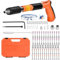 Manual Nail Gun Kit with 65 Round Nails and 65 nut Nails, 5 Speed Adjustable Manual Steel Nail Gun, Nail Wall Fastening Tool, Portable Nail Shooting Machine for Ceiling/Wire Hider/Install (Orange)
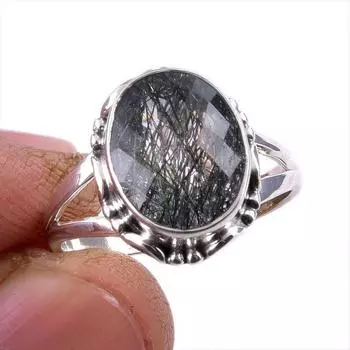 Natural Black Rutile Gemstone 925 Solid Sterling Silver Jewelry Ring Size 8 h4L60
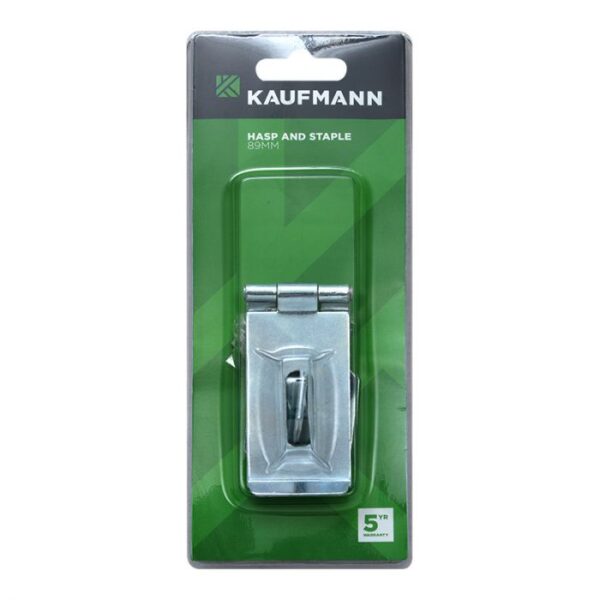 KAUFMANN HASP & STAPLE 90MM SAFETY GALV
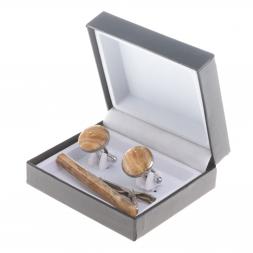 Набор запонки круглые и зажим для галстука камень оникс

> The task
The whole listing above is to be repeated exactly, apart from its pictures.

> Solution to this exercise
 Manual Nail Gun Kit with 65 Round Nails and 65 nut Nails, 5 Speed Adjustable Manual Steel Nail Gun, Nail Wall Fastening Tool, Portable Nail Shooting Machine for Ceiling/Wire Hider/Install (Orange)
 Natural Black Rutile Gemstone 925 Solid Sterling Silver Jewelry Ring Size 8 h4L60
 KAUFMANN HASP & STAPLE 90MM SAFETY GALV
 Набор запонки круглые и зажим для галстука камень оникс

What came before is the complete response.